Nell’estate del 1991 affittai una casa al mare, a Fire Island, non lontano da New York. Si tratta di una striscia di sabbia, lunga e stretta, dove le automobili non sono ammesse. Trovammo una casa piuttosto eccentrica, tutta di legno con scalette, corridoi, nicchie, stanze dalla forma inusuale, ripiena di soprammobili. Aveva anche una terrazza dove potemmo mettere una piscinetta di plastica per i bimbi. Oltre a me e al mio compagno Brett c'erano infatti Stefano, 12 anni, e Zachary, 3. Il costo era proibitivo (due miei stipendi) ma ne valeva la pena. Tutti, del resto, pensavamo che sarebbe stata la mia ultima estate.

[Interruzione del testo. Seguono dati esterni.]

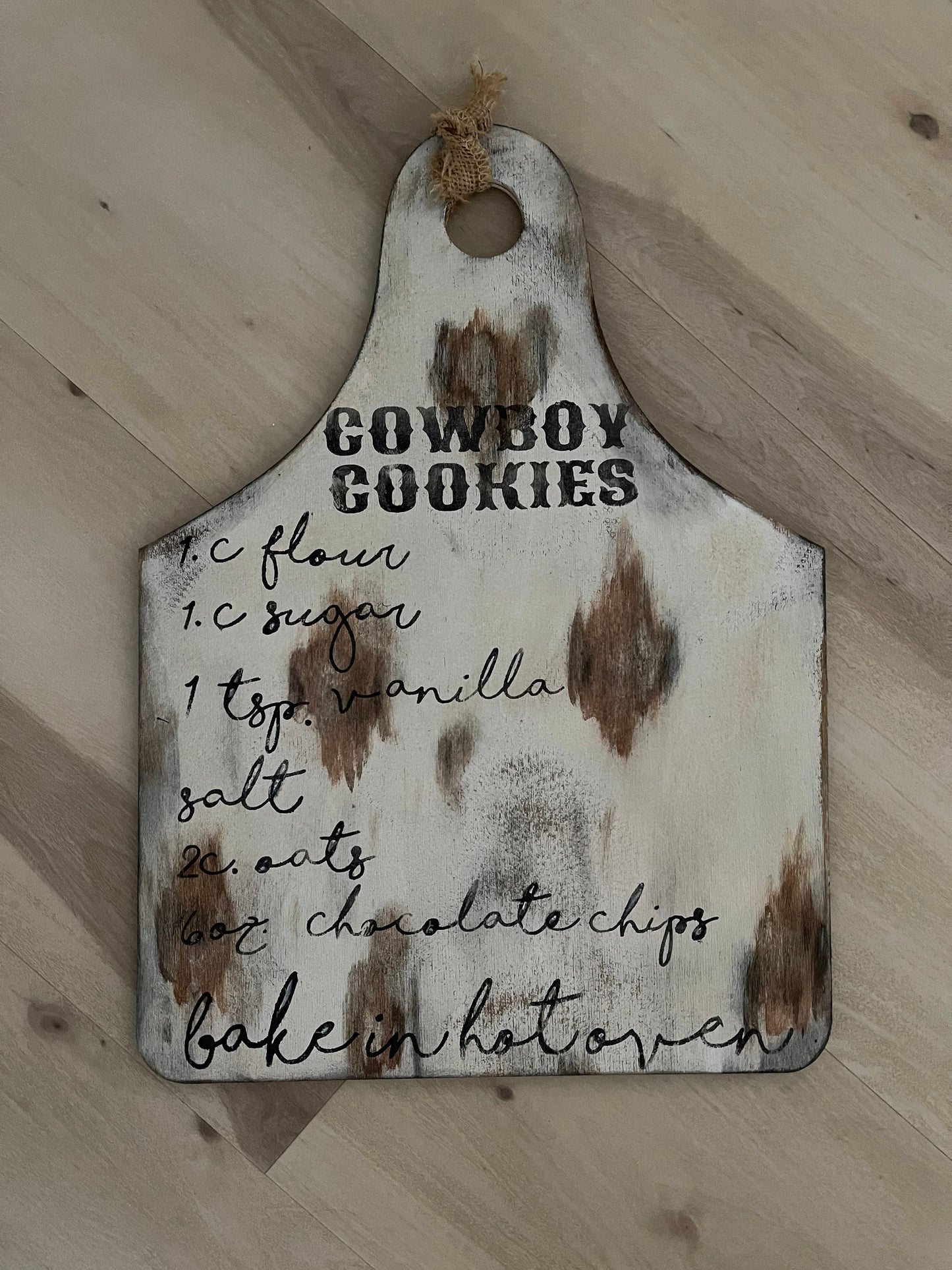 Cow tag/cow sign/rustic hand painted recipe sign/farmhouse sign/wood painted sign/cowboy cookies sign/painted ear tag sign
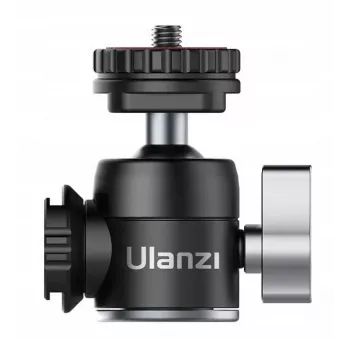 ULANZI U-60 Mini Κεφαλή με Δύο Υποδοχές Cold Shoe, Σπείρωμα 1/4 ίντσας, Κράμα Αλουμινίου, Αντοχή 1,5 kg, Μαύρο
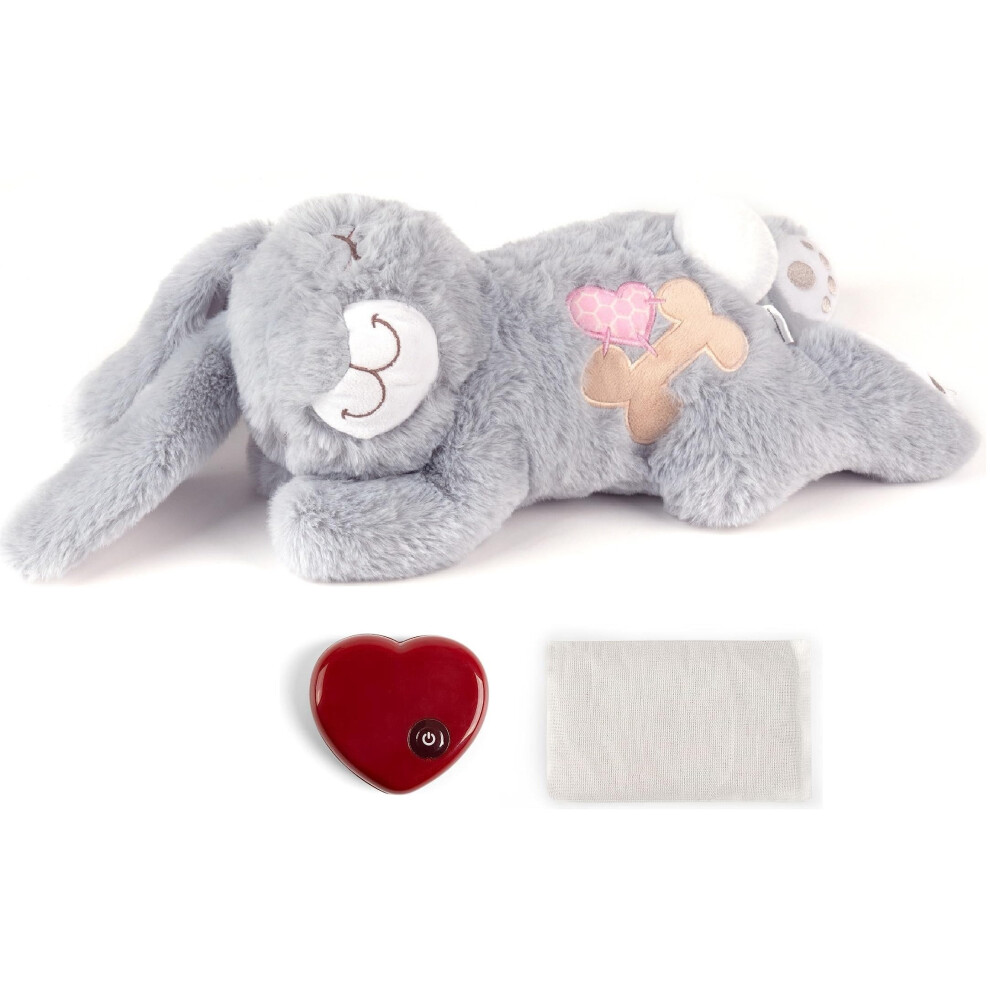 PetPrime Dog Heart Beat Puppy Plush Rabbit Toy - with Warmer Bag Pet Soft Anxiety Puppy Relief Toy for Puppy Dogs Heartbeat Stuffed Animal Puppy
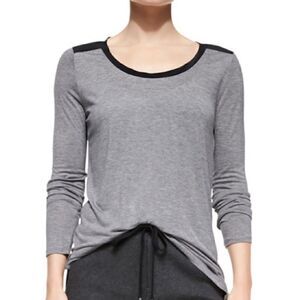 𝅺euc Vince Contrast trim slub long sleeve tee sz L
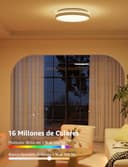 Lepro T1 AI Plafón LED Techo Inteligente, Lámpara Techo 24W 1800LM, Luz RGB y Blanca Regulable, Control de Voz, Sync Música, Funciona con Alexa, Google Home, Diseñador de Iluminación AI Personalizado - 9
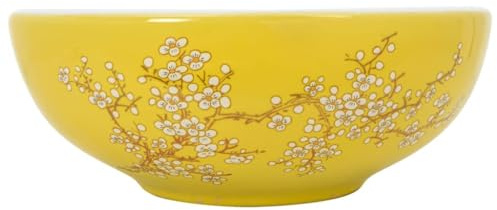 Lavabo à poser en céramique, blanc, jaune, rond, 41 x 14 cm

La diarrea aumentava, il peso diminuiva, fino a 42 chili. Comunque ero sempre in grado di gioire della nostra famigliola e degli amici che venivano in visita. Andavo sulla spiaggia per un'ora o due, sotto l'ombrellone, avvolto in asciugamani. Guardavo Stefano giocare, come un giovane cervo, con Brett e con il mio amico Sam. È stata una bellissima estate. Sono stato diagnosticato sieropositivo nell'aprile del 1987 anche se ritengo di essermi contagiato nell'estate del 1981 durante una settimana di sfrenatezza nelle saune di San Francisco.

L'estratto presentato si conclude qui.